On Thu, Jan 13, 2011 at 8:33 AM, Philip Jägenstedt <philipj@opera.com> wrote:
> On Wed, 12 Jan 2011 20:04:52 +0100, Silvia Pfeiffer
> <silviapfeiffer1@gmail.com> wrote:
>
>> On Wed, Jan 12, 2011 at 1:18 PM, Philip Jägenstedt <philipj@opera.com>
>> wrote:
>>>
>>> On Wed, 12 Jan 2011 12:29:37 +0100, Raphaël Troncy
>>> <raphael.troncy@eurecom.fr> wrote:
>>>
>>>> Dear Silvia,
>>>>
>>>> Le 10/01/2011 13:05, Jack Jansen a écrit :
>>>>>
>>>>> It's definitely worth it to put a link to our work in that thread. AT
>>>>> THE very least it should get us some reviewers of shag we've edited
>>>>> down on frame accurate addressing...
>>>>
>>>> Thanks for pointing us this (now long) thread. I have just read it
>>>> completely.
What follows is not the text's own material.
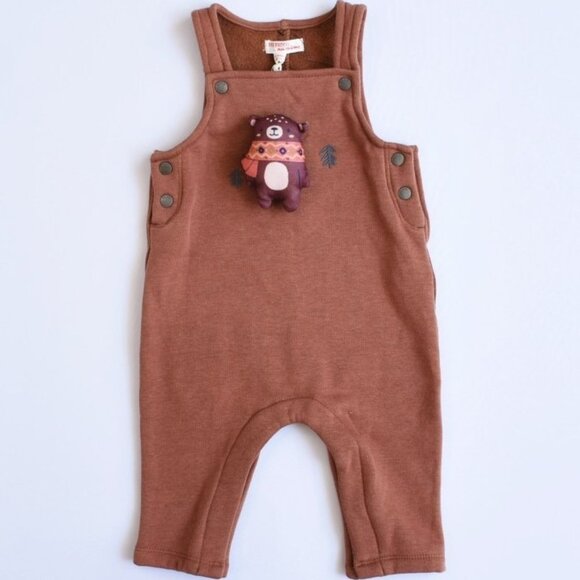 JoJo Maman Bébé, Adorable Animal Print Kids Jacket and 2 One Piece. 3 Months - Picture 4 of 7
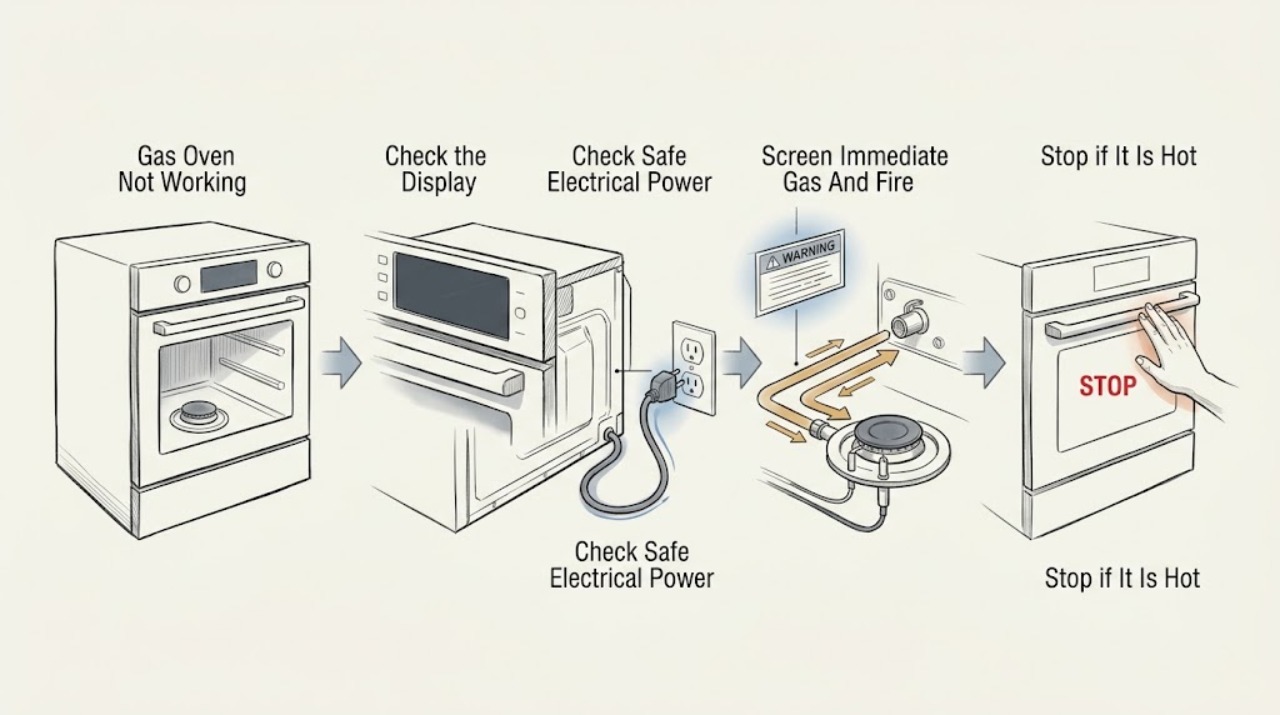 Gas Oven Not Working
For the others, the main point of discussion is about video
>>>> editors and producers who want frame access to video and browsers who
>>>> say
>>>> that container formats such as WebM do not have a fixed frame rate (FPS)
>>>> and
>>>> therefore cannot expose it in the API. No mention of Media Fragments has
>>>> been done yet.
>>>>
>>>> Silvia, could you please reply that Media Fragments allows to access to
>>>> a
>>>> SMPTE time code? I think the best place is to answer this mail from
>>>> Philip
>>>>
>>>> http://lists.whatwg.org/htdig.cgi/whatwg-whatwg.org/2011-January/029803.html
>>>> who has suggested to add an attribute to the video element exposing the
>>>> (virtual) framerate.
>>>
>>> To be clear, I haven't suggested exposing the frame rate, I was arguing
>>> against it.
>>>
>>> This is related to our discussion on the SMPTE format in Media Fragments,
>>> which I've stated I don't think we'll ever implement as it doesn't work
>>> with
>>> our most important format, WebM.
>>
>>
>> At the risk of repeating myself from earlier discussions: SMPTE
>> timecodes are just time markers - they do not guarantee that you
>> actually land on a frame boundary.
>
> Right, and when the media resource isn't also marked up with SMPTE time
> codes, SMPTE provides no technical benefit over a floating point number
> (currentTime).

All time-based addressing is just addressing along its resolution of
that time dimension and hardly ever along a video's frame numbers.
offset in seconds and milliseconds is also just a time marker that has
to be mapped to a the frame that happens to be active at that time.

The point about SMPTE is that people like being able to address frame
"numbers" rather than a floating point time. If the SMPTE code is
given with a framerate, there is a clear mapping between a SMPTE
timecode and a floating point number in seconds, so they are
equivalent. That framerate has nothing to do with the actual framerate
of the video, but it only provides time conversion information.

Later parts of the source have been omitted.